* Provided material *
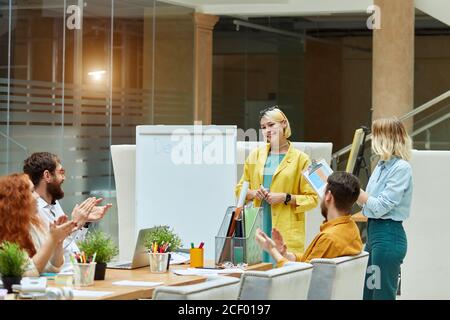 Optimistic impressed designers applauses to young cheerful satisfied colleague after good creative presentation of cool ideas. Concept of young design Stock Photo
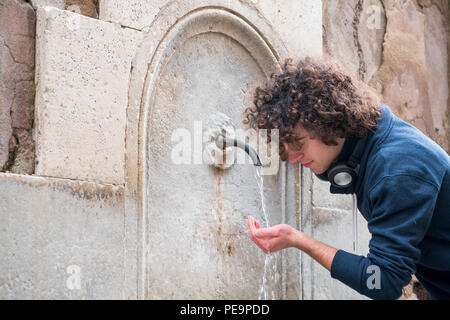 Junger Mann Getränke Wasser aus einem Brunnen Stockfoto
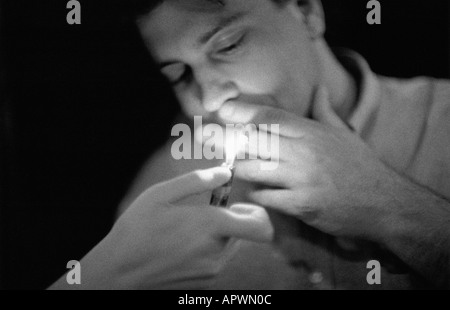 Man smoking a cigarette Stock Photo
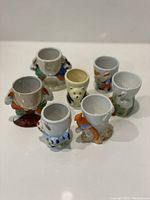 Seven vintage ceramic egg cups with various animal figurine bases arranged in a front-facing display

* What is required *
Extract only the lines from the line containing "Junger Mann Getränke" through the final line of the listing above, unchanged; pictures stay out of the copy.

* Answer *
 Junger Mann Getränke Wasser aus einem Brunnen Stockfoto
 Man smoking a cigarette Stock Photo
 Seven vintage ceramic egg cups with various animal figurine bases arranged in a front-facing display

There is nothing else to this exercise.